About this task: Would you please write out only the lines running from the top of the listing through the one holding "One other reason", exactly, with both ends kept and pictures left out?

Supplied material:
===

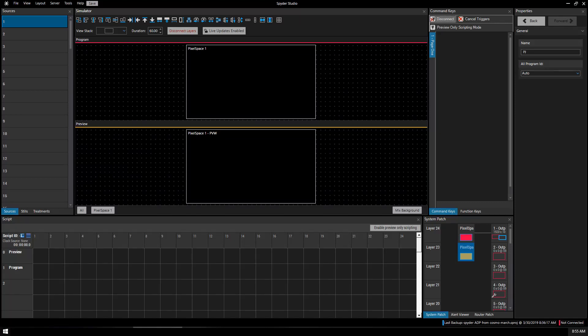This short video is just going to show the basics of setting up a very simple two-screen show on the Christie Spyder X80.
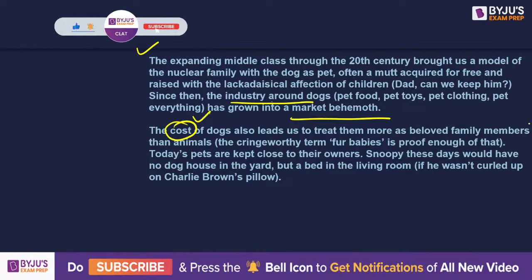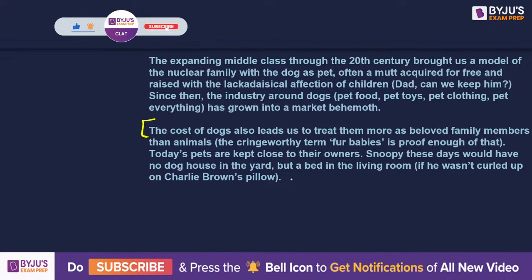One other reason why we love dogs so much: the cost associated. 'I have purchased you with a humongous amount. I get you pet food, pet toys, pet clothing — which is so expensive.' So apart from being very accommodative and a representation of class, dogs are also very dear to people because of the cost associated with the animals. Now, a very important question: what is the tone of the author?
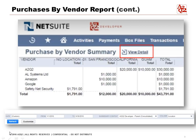This is what the report looks like as a vendor summary. You can also view the details from here. On the summary, it shows you the name of the vendor on the left side. You also see the location or 'no location' — for example, San Francisco, California, and Guam.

===

Solution to the exercise:
This short video is just going to show the basics of setting up a very simple two-screen show on the Christie Spyder X80.
One other reason why we love dogs so much: the cost associated. 'I have purchased you with a humongous amount. I get you pet food, pet toys, pet clothing — which is so expensive.' So apart from being very accommodative and a representation of class, dogs are also very dear to people because of the cost associated with the animals. Now, a very important question: what is the tone of the author?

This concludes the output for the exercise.